(Crawled caption data)
'''

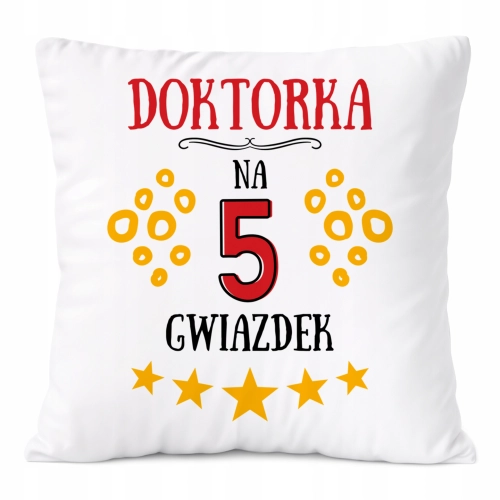Poduszka Dla Doktorki na Prezent z Nadrukiem ze Zdjęciem Biała PoliDraw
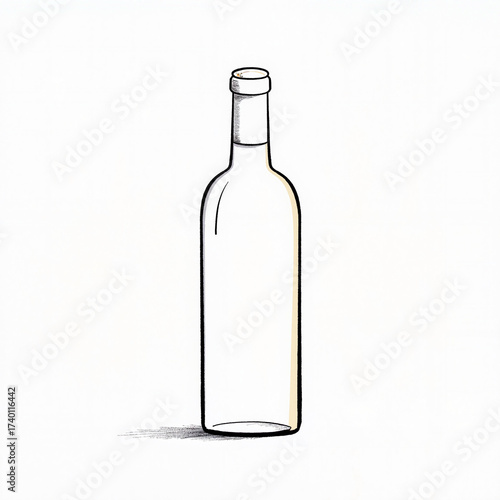 Minimalist wine bottle sketch on white background, artistic simplicity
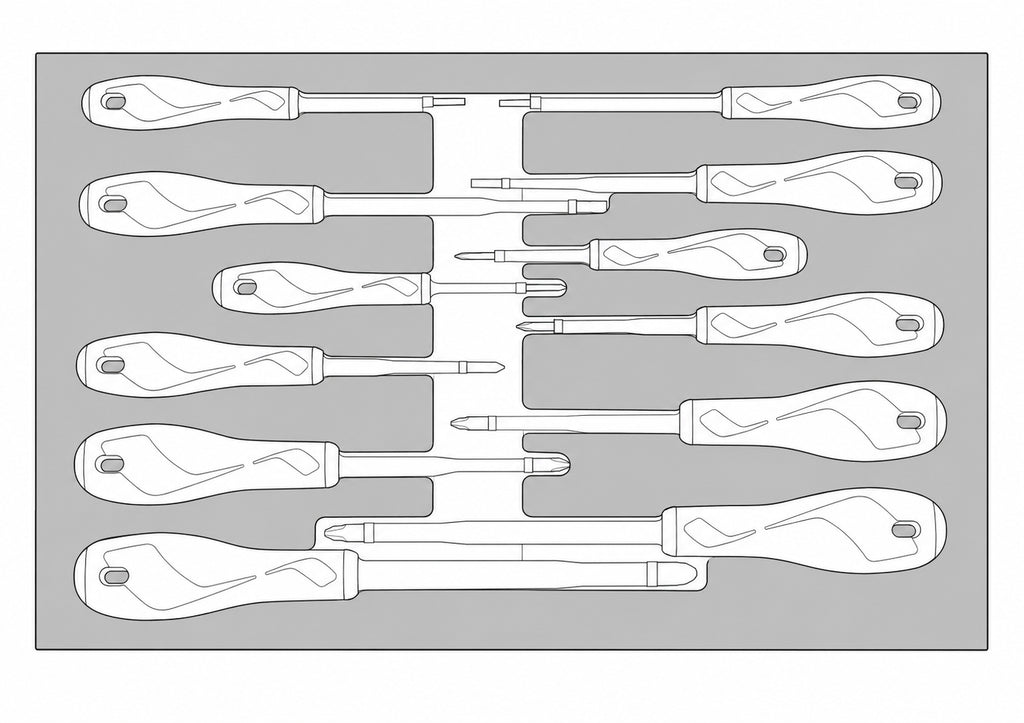 Insulated Screwdriver Set FOAM3 12 Pieces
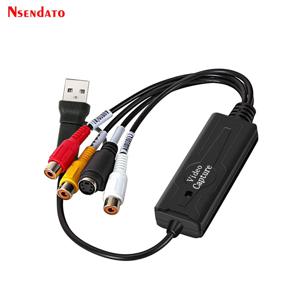 USB 2.0 타입 C AV S 비디오 캡처 카드 어댑터 RCA AV 비디오 컴포지트 to USB 타입 C 컨버터, 카메라 OBS PC용 NTSC PAL 지원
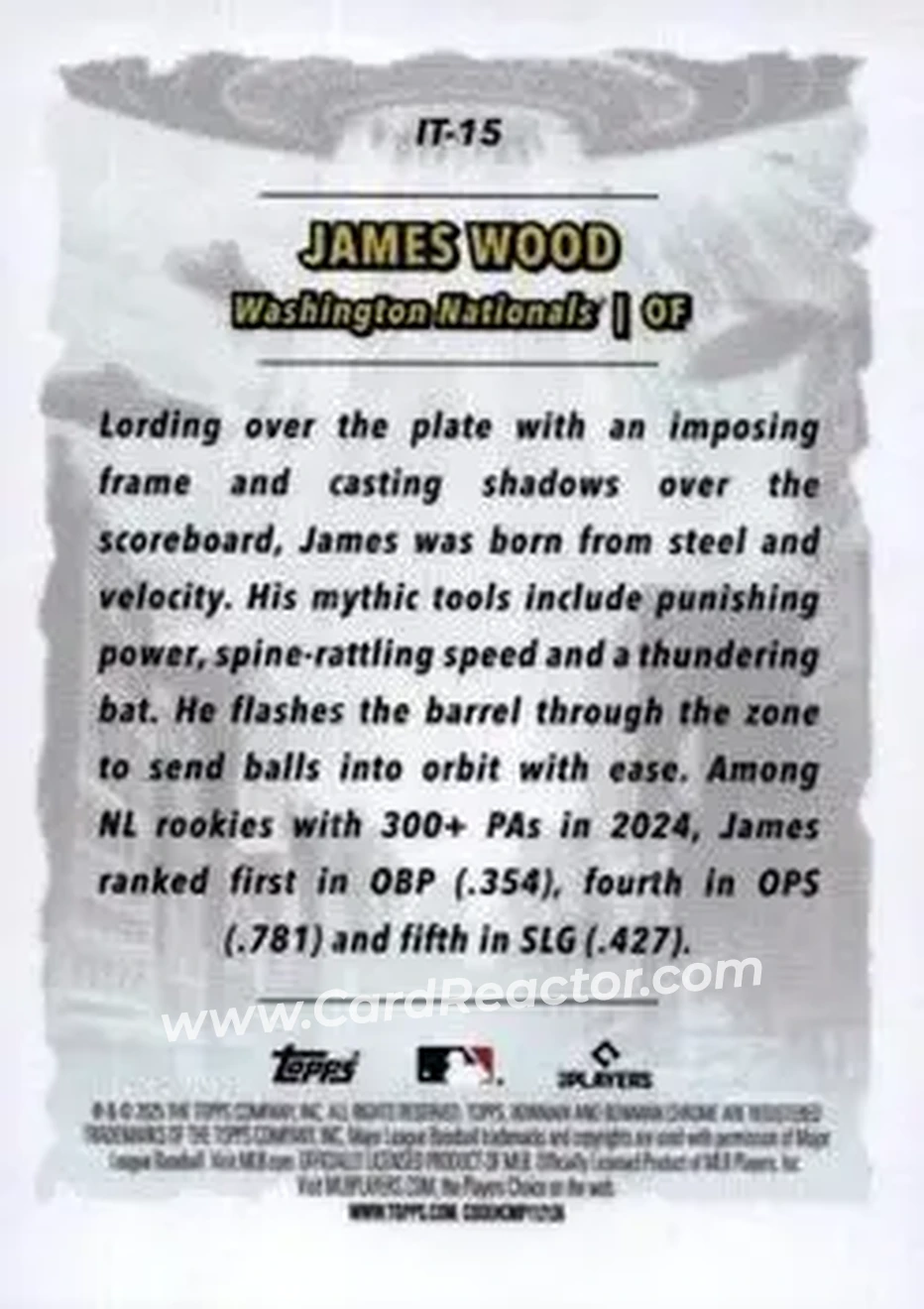2025 Bowman Chrome - It Came To The League #IT-15 - James Wood - Washington Nationals - Back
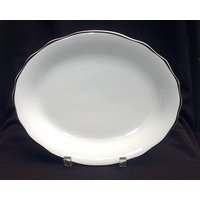 Jackson China Restaurant Platte Weißer Teller Mit Schwarzem Streifen Jackson China Restaurant Platte Weißer Teller Mit Schwarzem Streifen von LouChristieAntiques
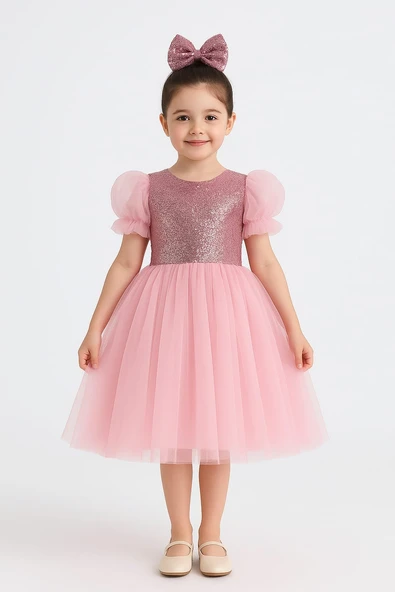 Balon Kol Pul Payet Kız Çocuk Tütü Elbise M00751 - Resim 6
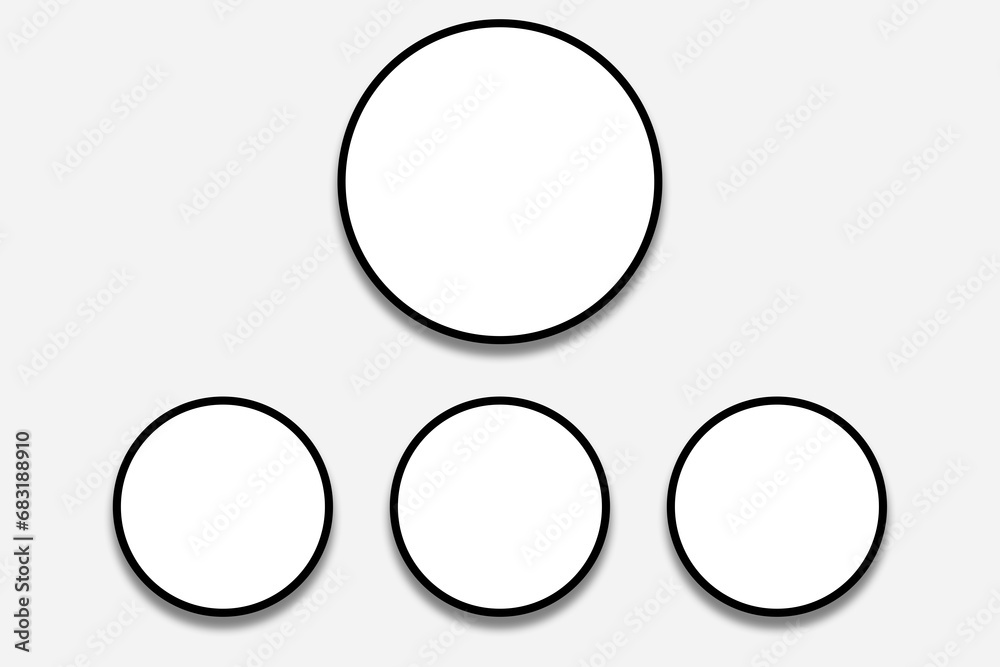 4 Blank white circle photo frames with black borders in a simple layout. Used as a printable photo collage template or a mock up for album pictures or photographs collection in a gallery wall style. 4 Blank white circle photo frames with black borders in a simple layout. Used as a printable photo collage template or a mock up for album pictures or photographs collection in a gallery wall style.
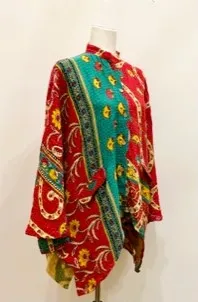 Kantha Cotton Embroidered Tunic: Best Seller (Red/Green)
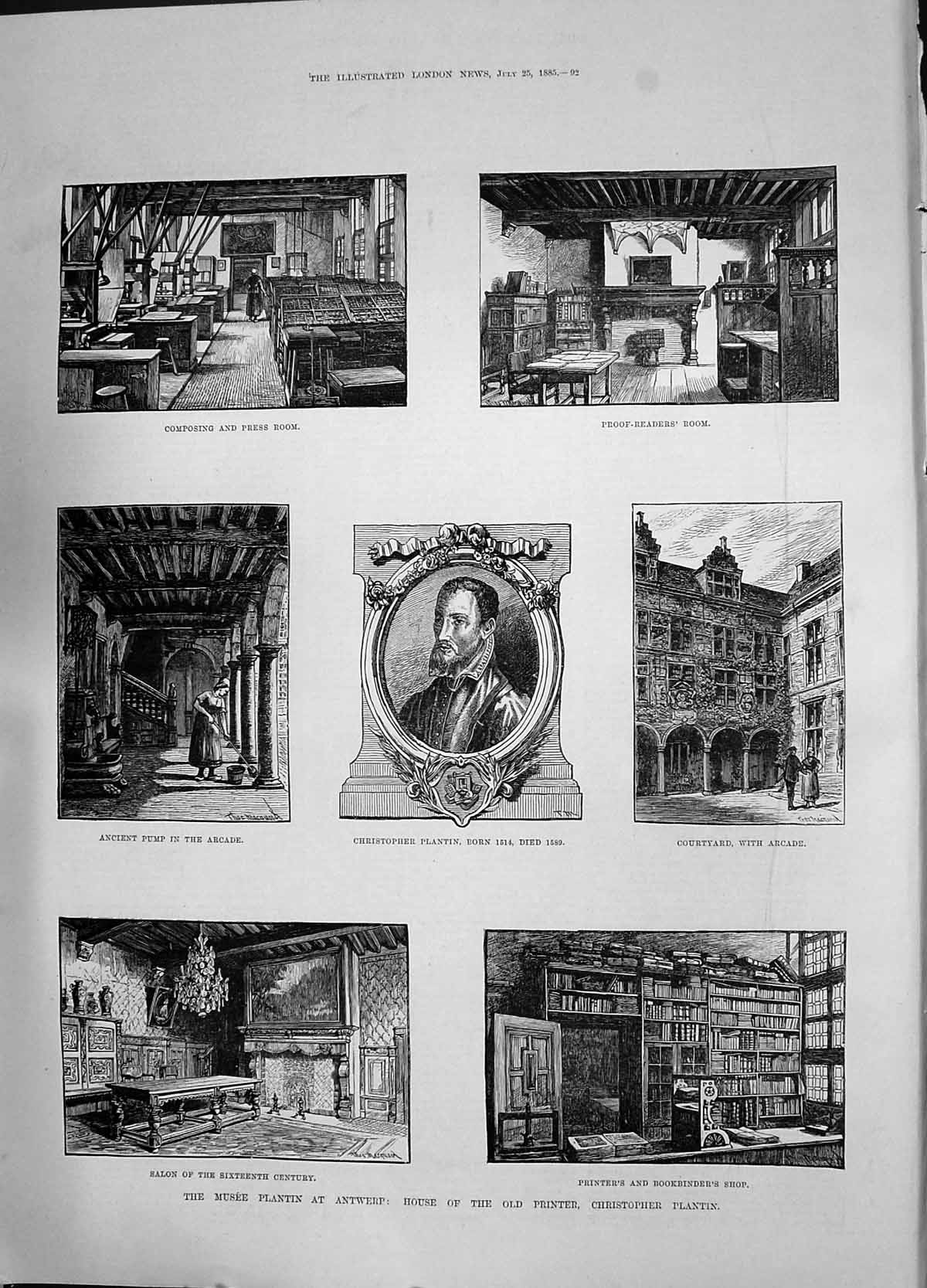 Antique Old Print 1885 Musee Christopher Plantin Antwerp Er Composing Room 19th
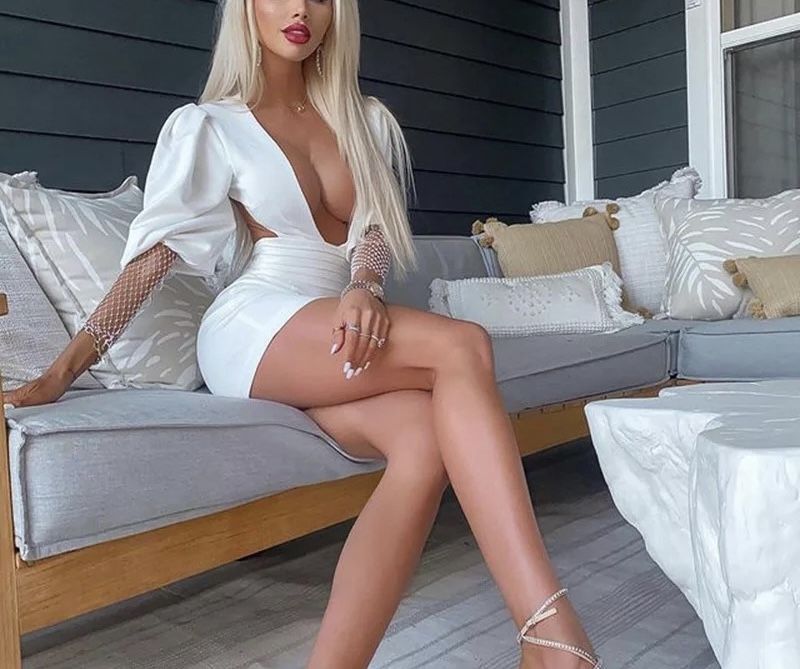 Sexy spring summer white color Elegant Out Long Sleeves Casual Evening  Party Sexy Women's Clothes Basic Dress Size (M) - www.ice4pros.com.br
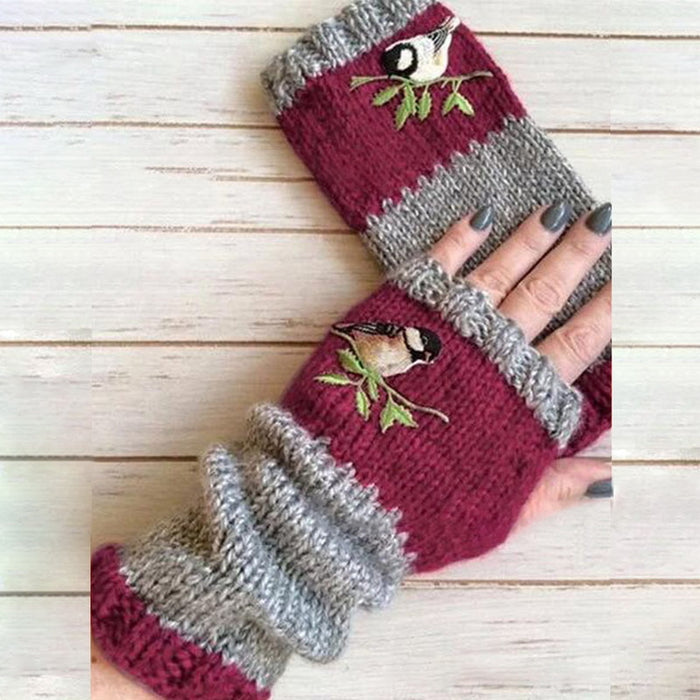 Fashion Warm Stitching Embroidered Gloves Women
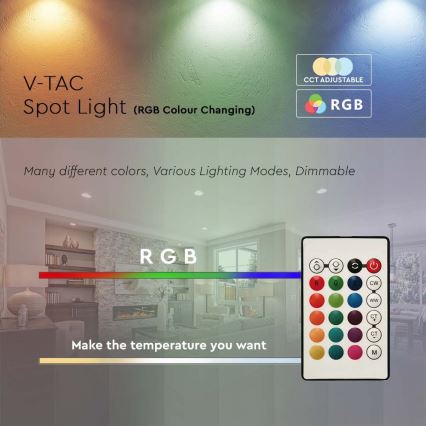 Ampoule LED RGB à intensité variable GU10/4,8W/230V 3000K + télécommande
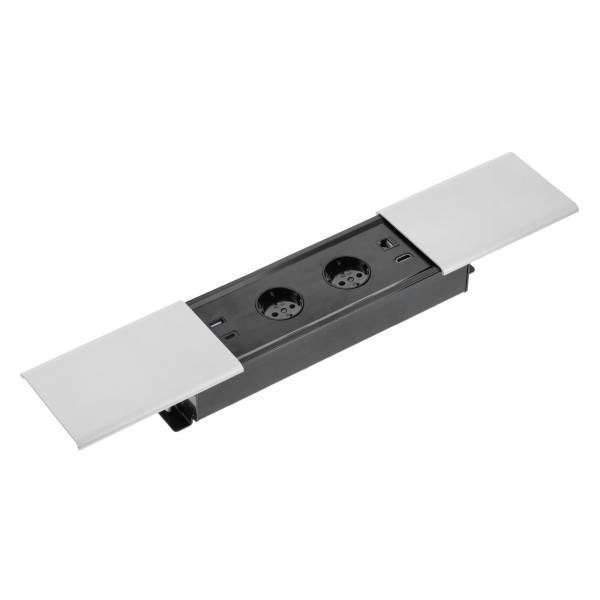 Подовжувач вбудований GTV PRESTINO, 2x роз. schuko, USB A+C, RJ45, HDMI, 1,5 м, срібний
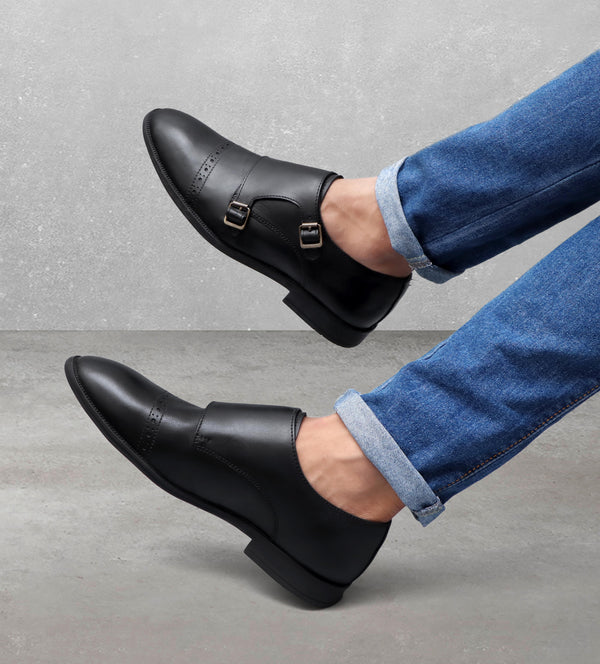 Double Monk Strap Shoes - Black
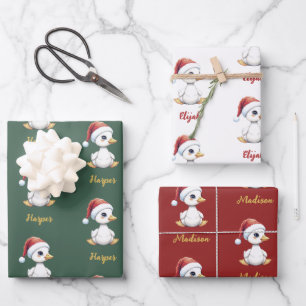 Personalized Cute Festive Christmas Goose Duck  Wrapping Paper Sheet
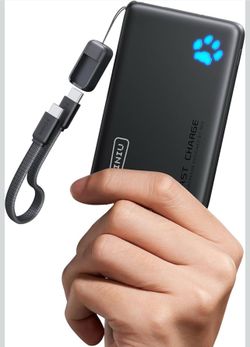 45W Fast Charging Portable Charger, 40% Smaller 10000mAh with Detachable Cable, Flight-Safe Travel Power Bank, USB C External Phone Battery Pack for i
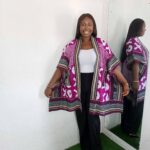 Liya Jacket by Mena Stiches (pink and white mixed combination)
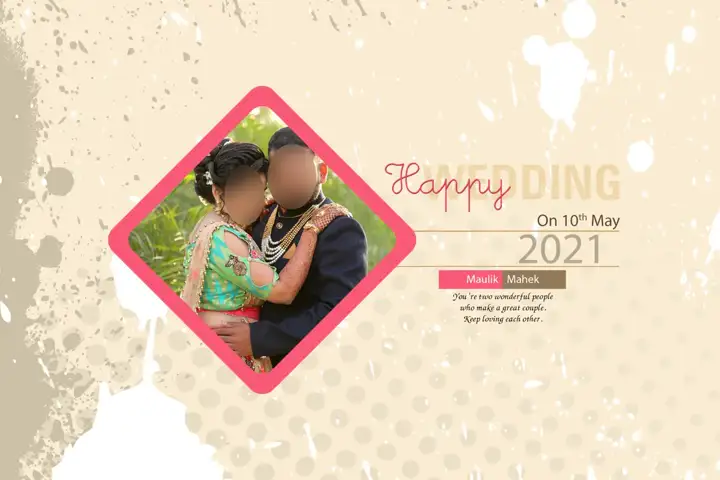 Free Ornate Wedding Album Cover 12x18 PSD – Brush Strokes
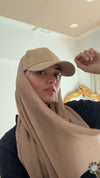 HIJAB ATTACHED WITH CAP - WALNUT BROWN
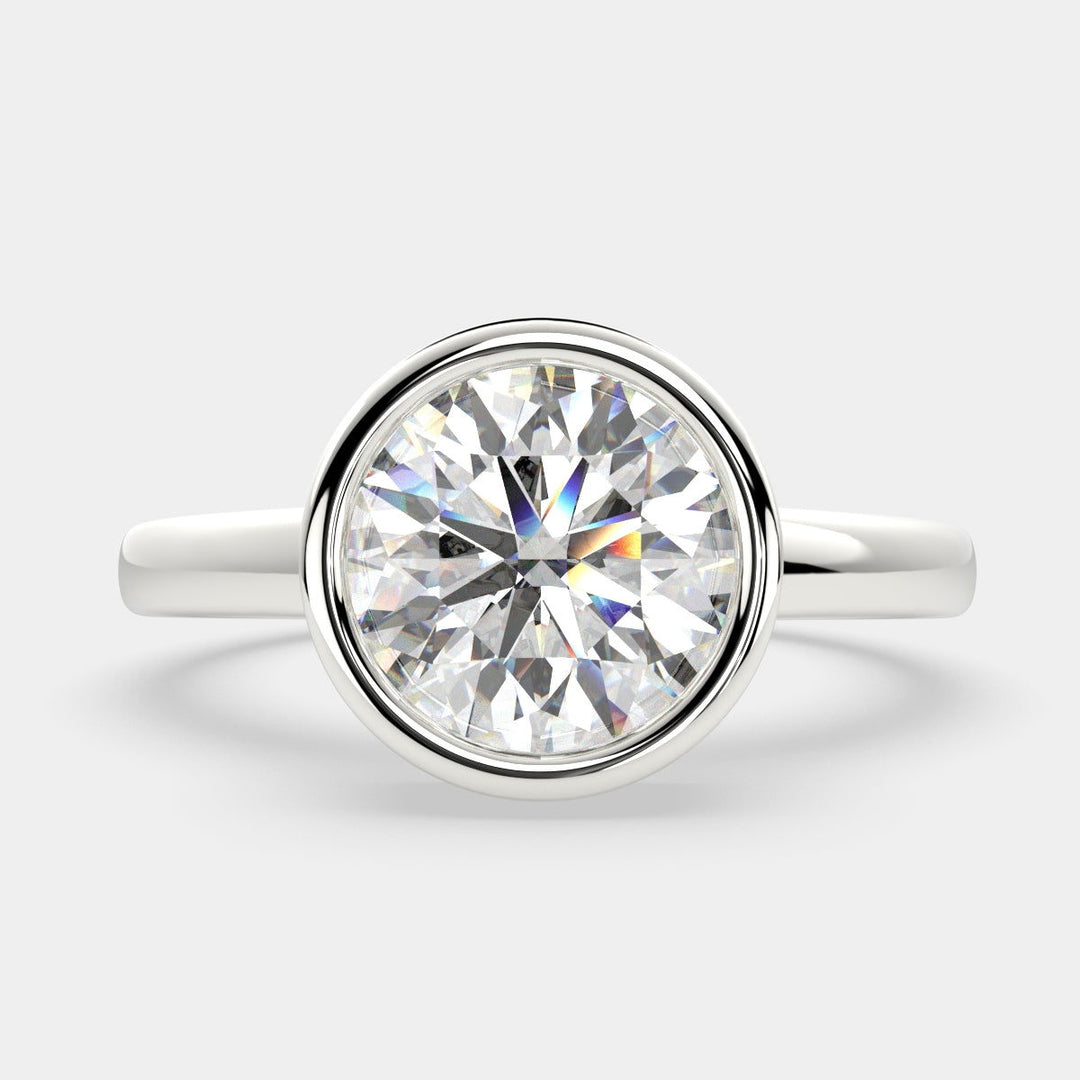 Xenia Round Cut Halo Pave Solitaire Engagement Ring Setting - Nivetta
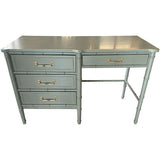 46.5" Finished 4 Drawer Vintage Bamboo Style Desk #08814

'''

- What the exercise asks
Whatever the records hold apart from pictures should be repeated exactly.

- Finished task
Poduszka Dla Doktorki na Prezent z Nadrukiem ze Zdjęciem Biała PoliDraw
 Minimalist wine bottle sketch on white background, artistic simplicity
 Insulated Screwdriver Set FOAM3 12 Pieces
 USB 2.0 타입 C AV S 비디오 캡처 카드 어댑터 RCA AV 비디오 컴포지트 to USB 타입 C 컨버터, 카메라 OBS PC용 NTSC PAL 지원
2025 Bowman Chrome - It Came To The League #IT-15 - James Wood - Washington Nationals - Back
 Jackson China Restaurant Platte Weißer Teller Mit Schwarzem Streifen Jackson China Restaurant Platte Weißer Teller Mit Schwarzem Streifen von LouChristieAntiques
 Balon Kol Pul Payet Kız Çocuk Tütü Elbise M00751 - Resim 6
 4 Blank white circle photo frames with black borders in a simple layout. Used as a printable photo collage template or a mock up for album pictures or photographs collection in a gallery wall style. 4 Blank white circle photo frames with black borders in a simple layout. Used as a printable photo collage template or a mock up for album pictures or photographs collection in a gallery wall style.
 Kantha Cotton Embroidered Tunic: Best Seller (Red/Green)
 Antique Old Print 1885 Musee Christopher Plantin Antwerp Er Composing Room 19th
 Sexy spring summer white color Elegant Out Long Sleeves Casual Evening  Party Sexy Women's Clothes Basic Dress Size (M) - www.ice4pros.com.br
 Fashion Warm Stitching Embroidered Gloves Women
 Ampoule LED RGB à intensité variable GU10/4,8W/230V 3000K + télécommande
 Подовжувач вбудований GTV PRESTINO, 2x роз. schuko, USB A+C, RJ45, HDMI, 1,5 м, срібний
 Double Monk Strap Shoes - Black
 Personalized Cute Festive Christmas Goose Duck  Wrapping Paper Sheet
 45W Fast Charging Portable Charger, 40% Smaller 10000mAh with Detachable Cable, Flight-Safe Travel Power Bank, USB C External Phone Battery Pack for i
 Liya Jacket by Mena Stiches (pink and white mixed combination)
 Free Ornate Wedding Album Cover 12x18 PSD – Brush Strokes
 HIJAB ATTACHED WITH CAP - WALNUT BROWN
 Xenia Round Cut Halo Pave Solitaire Engagement Ring Setting - Nivetta
 46.5" Finished 4 Drawer Vintage Bamboo Style Desk #08814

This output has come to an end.